The Pick: New York in 5


3. Boston v Toronto – Shocking confession, I’m a huge Bruins fan/homer, but the following paragraph is in no way a reverse jinx. This Bruins team is a little too much like last year’s team  for my liking. Looked like the best team ever assembled for the first half of the season, played .500 hockey for the second half of the season, got bounced in the first round of the playoffs by an inferior Washington team. Meanwhile, people in Toronto like hockey more than any fan base likes any sport in the world. And Toronto is in the playoffs for the first time in eight years. The worst seats for the home games in Toronto are going for $2000. According to Vegas, Boston is a 2:1 favorite to win this series. Most experts are predicting Boston in five or six. I just don’t see it. Toronto is going to be so jacked up for every home game with a completely bonkers crowd. Toronto was slightly better than Boston during the regular season against eventual playoff teams. Both teams are original league members, physical, and are going to bring it. I think first team to lose a home game loses the series. This should be a very entertaining, long series.

The Pick: Toronto in 6


2. Vancouver v San Jose – San Jose, the 6-seed in the West, actually had a slightly better record than 3-seed Vancouver against eventual playoff teams. The teams are pretty evenly matched although Vancouver was not able to beat San Jose in the regular season.
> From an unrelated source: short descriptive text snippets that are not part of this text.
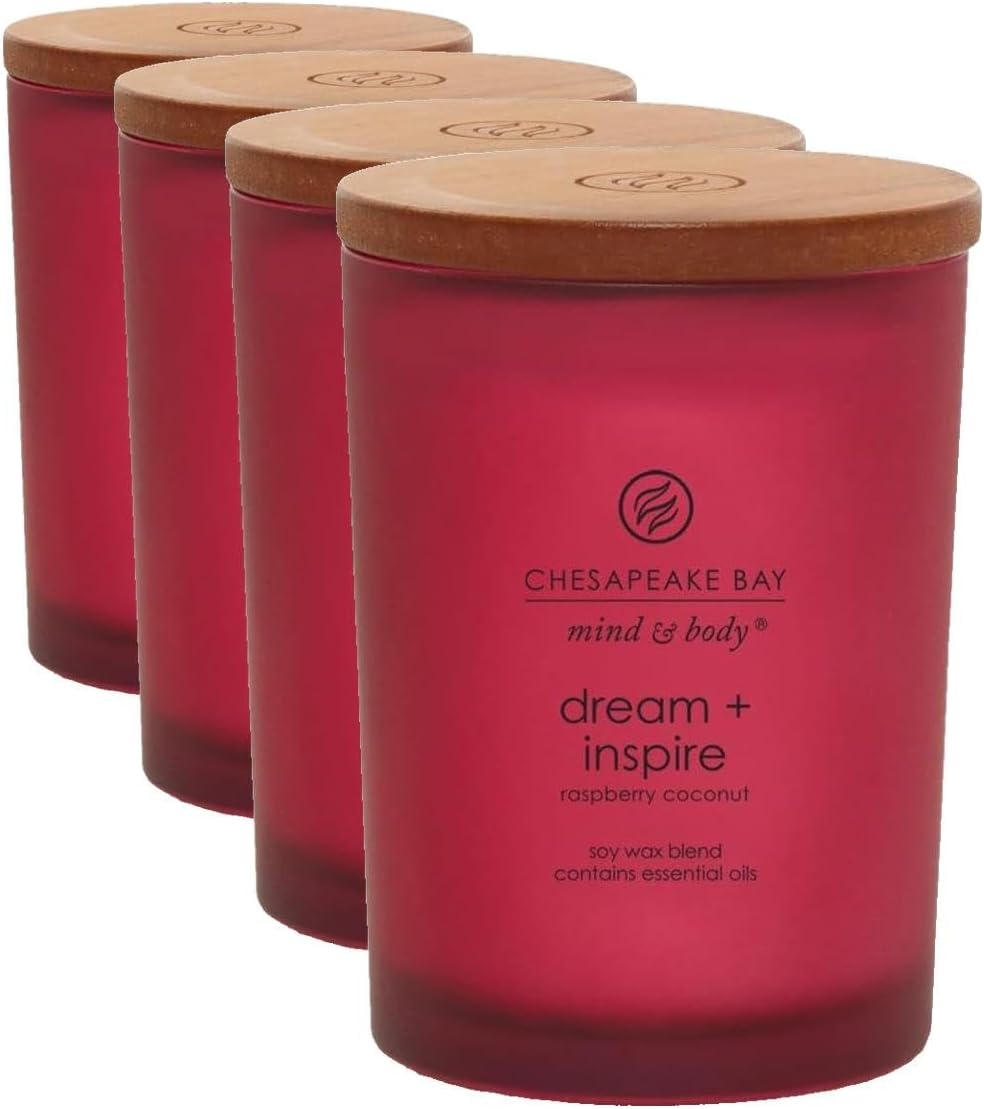 Chesapeake Bay Balance + Harmony Scented Candle Water Lily Pear Fragrance 50 Hours Burn Time Warm & Decorative Soy Wax Blend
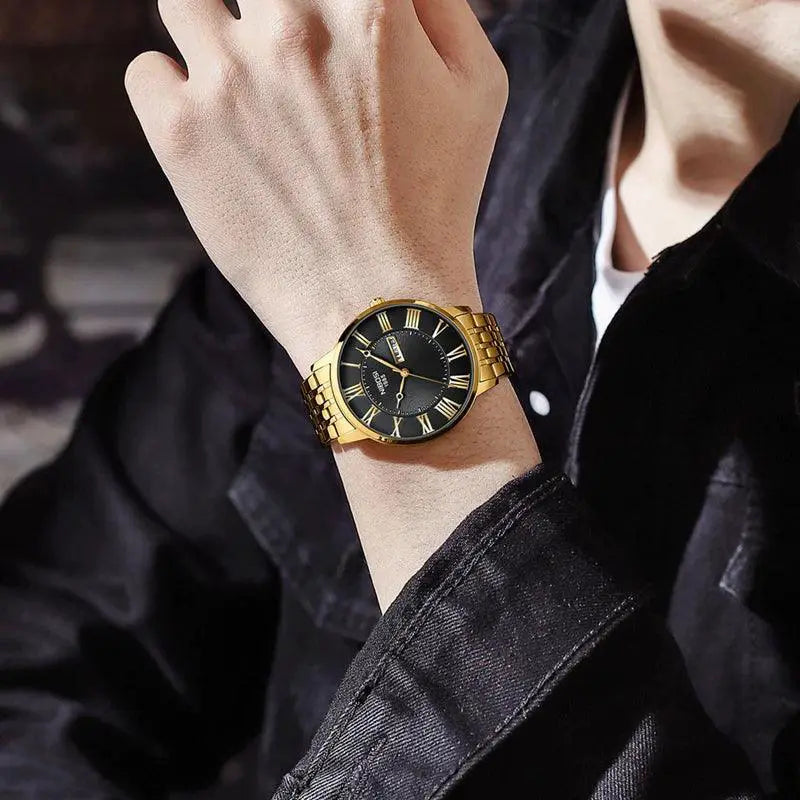 NIBOSI Mens Waterproof Sport Watch Quartz Timepiece
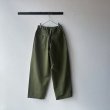 画像9: NATURALLAUNDRY コットンリネンカルゼ ビッグチノPT (9)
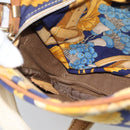 LOEWE Shoulder Bag Canvas Blue Gold Auth ar13934-18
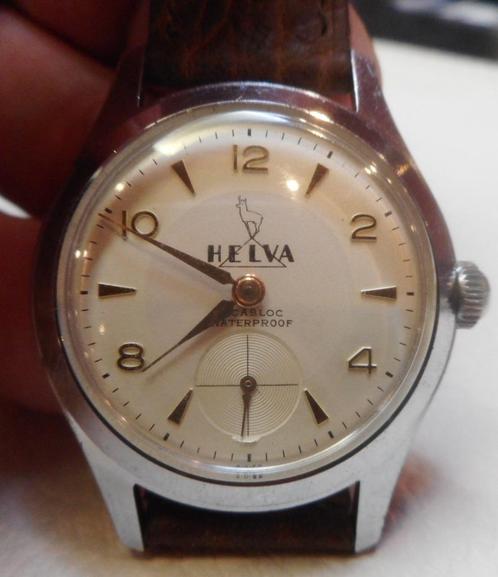 16) Helva mécanique vintage, calibre FHF 70 15 rubis anticho, Handtassen en Accessoires, Edelstenen, Gebruikt, Ophalen of Verzenden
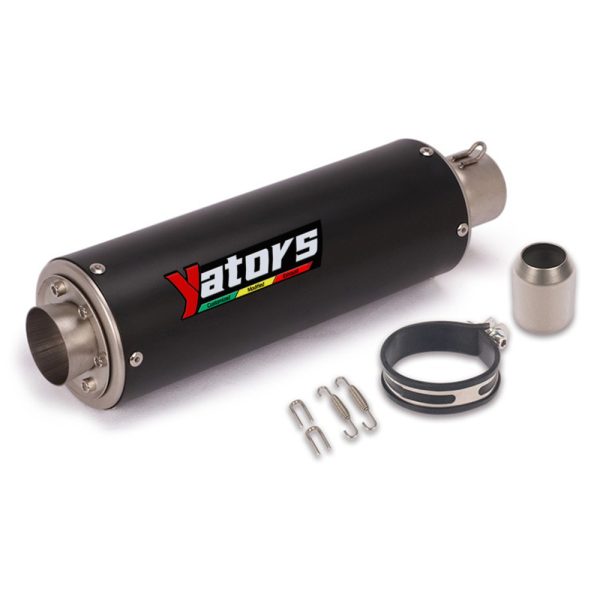 motorcycle exhaust inox muffler carbon fiber exhaust Universal 51/60mm with DB Killer for z900 R3 R25 MT07 MT09 R1 Z400 Z650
Both of these teams have had lofty expectations over the past eight years and neither have been able to bring home The Cup, and now one of them is getting knocked out in the first round. Both fan bases are knowledgeable, so there will be a great atmosphere at each game. Vancouver always seems to bring some team drama with them into the playoffs…you never know when the goalie carousel might get going with them, or when Alex Burrows might bite someone, or when the Sedin Sisters might admit they are not only sisters but also lovers. This has all the makings of a long, intense series. For the gamblers, being able to get San Jose at “plus money” (currently +105) to win this series is very good value.

The Pick: San Jose in 6


1. Montreal v Ottawa – Any time two Canadian teams play a long series against each other the intensity gets ratcheted up eh. Montreal is the 2-seed in the East and Ottawa is the 7-seed, but these two teams had basically identical records against playoff-qualifying teams in the regular season eh. Also, they split four games during the regular season eh. So we have two Canadian teams eh, that are very evenly matched eh. A series that is probably going seven games eh, and again all the games will be taking place in eh Canada eh. This may not have the high profile players of some of the other series eh, but the intensity and location should make it the best series of the first round eh. Eh.

The Pick: Montreal in 7

For the record, Neil picked four upsets in the first round, two series to go seven games, only one sweep, and somehow managed to squeeze in “eh” 11 times in the final paragraph.